Laut Matthä spricht die Verkehrsanbindung auch dafür. Von Südost und Südwest - also über die ex-jugoslawischen Staaten bis Griechenland und Italien - geht es von dort nach Nordwest wie Deutschland und Nordost bis Polen bzw. ins Baltikum über die baltisch-adriatische Achse.

Zeit ist Geld

Insgesamt entwickelt sich der Güterverkehr bei den ÖBB seitwärts. Einfluss hatten zuletzt die Strompreisrallye und die Wirtschaftskrise. Mit den hohen Energiepreisen seien die Liefermengen um zehn Prozent eingebrochen, so Matthä. Durch geändertes Transportgut und die Weitergabe von Energiekosten sei der Umsatz aber stabil geblieben.

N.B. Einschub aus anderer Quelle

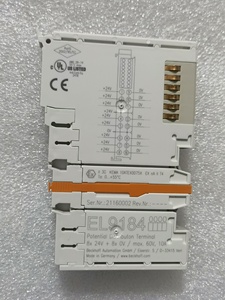 Nuevo PLC Beckhoff EL9184 en Caja, Hecho en China - Product Image 3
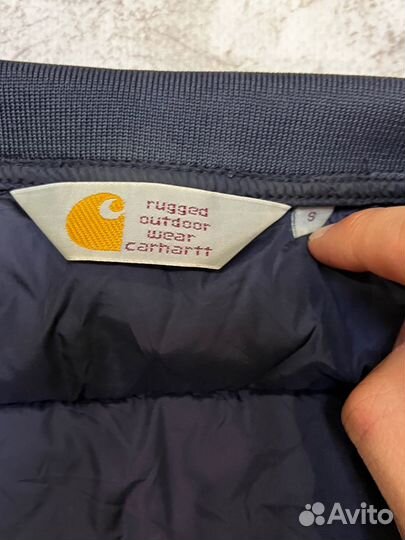 Ветровка Carhartt оригинал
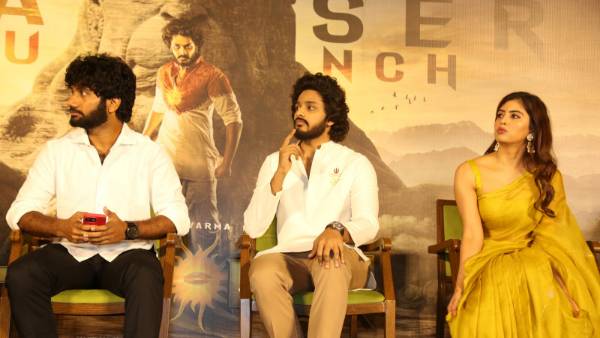 నన్ను నమ్మిందనుకు థ్యాంక్స్: తేజా సజ్జా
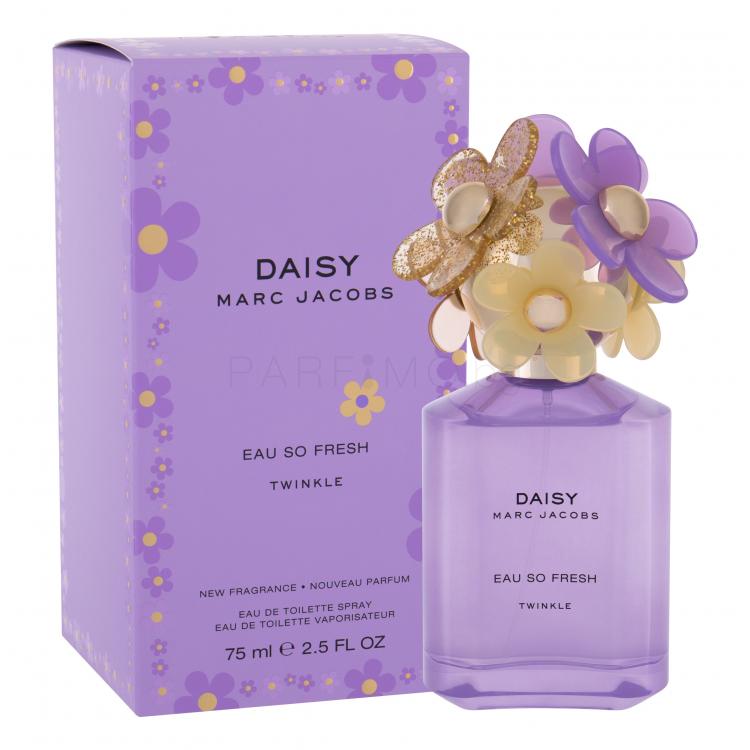 Marc Jacobs Daisy Eau So Fresh Twinkle Eau de Toilette за жени 75 ml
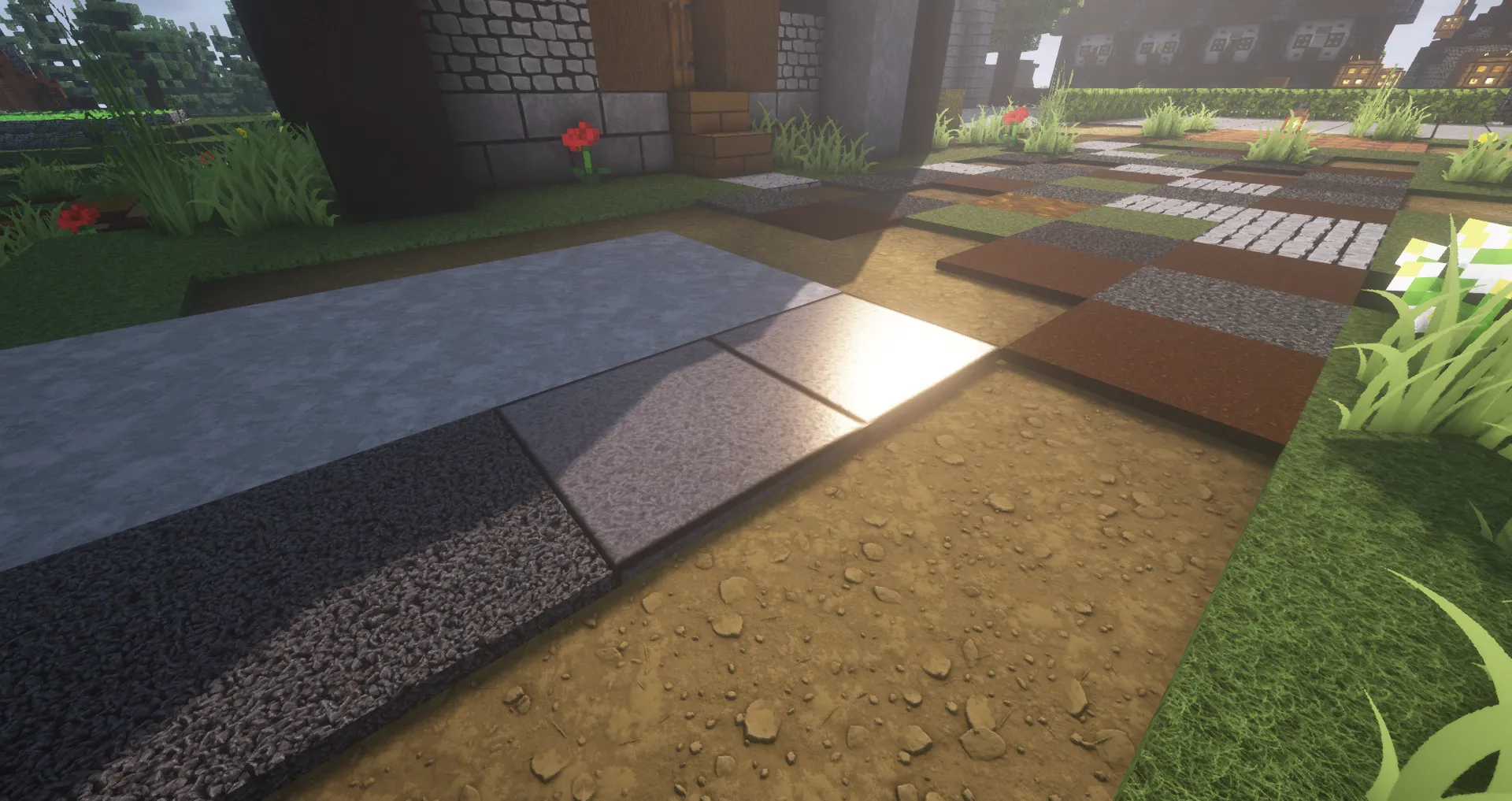 Niel resourcepack — скриншот 6 (Текстуры, Minecraft)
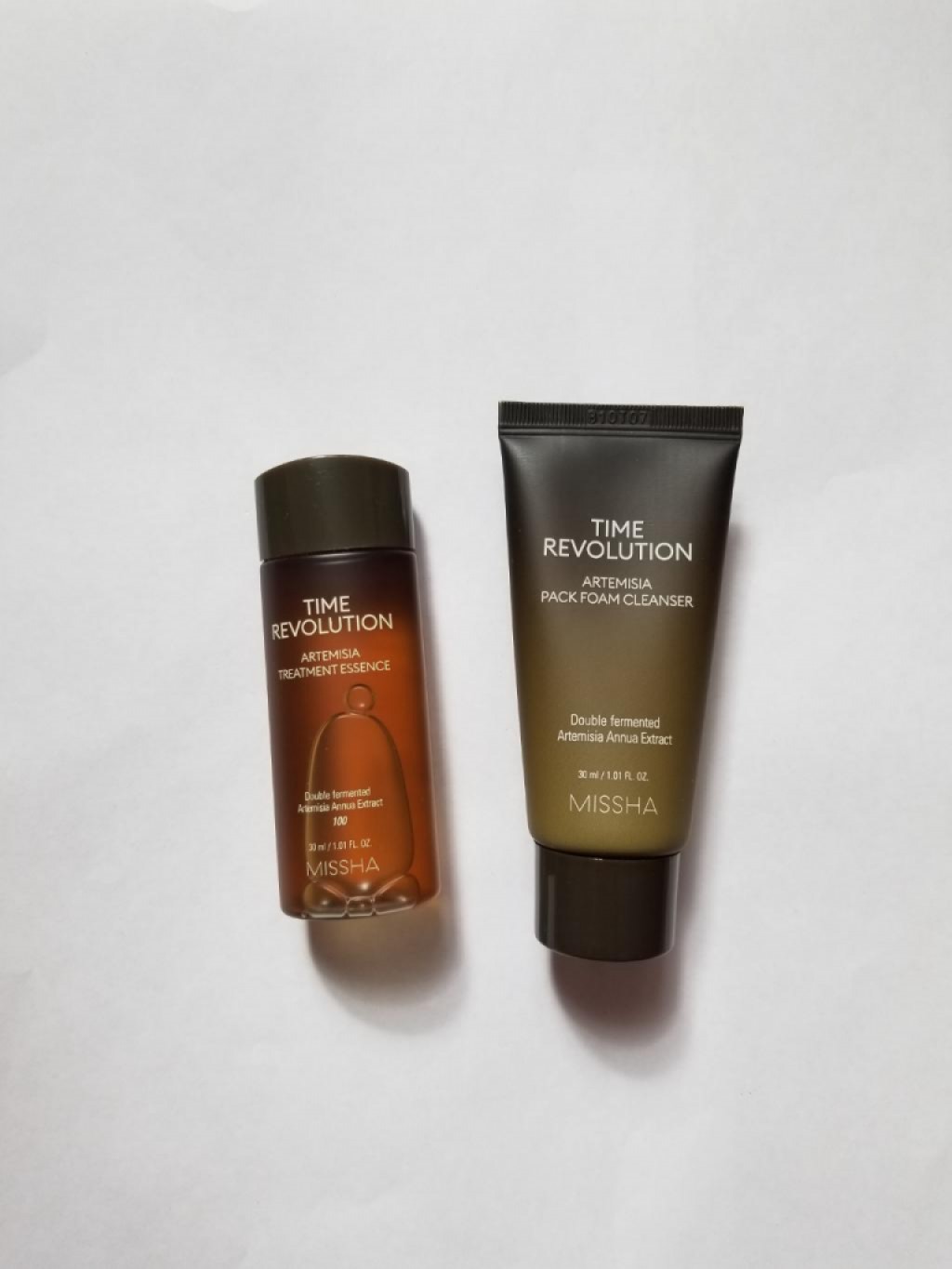 Missha Time Revolution Artemisia Treatment Essence Эссенция с экстрактом полыни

Beim deutschen Bahnnetz gibt es nicht nur Probleme von Reisenden, über die Medien laufend berichten, sondern auch im Güterverkehr, wie Matthä erläuterte. „In Deutschland ist kein einziger Güterzug pünktlich“, beklagte er. Die ÖBB beschäftigten in Wien mittlerweile 30 Personen, die alleine den Verkehr von ÖBB-Güterzügen in Deutschland überwachten. Sie versuchen, die Züge durch Interaktion mit zu lenken, damit sie so rasch wie möglich ans Ziel kommen. Gerade im Güterverkehr gilt besonders: Zeit ist Geld.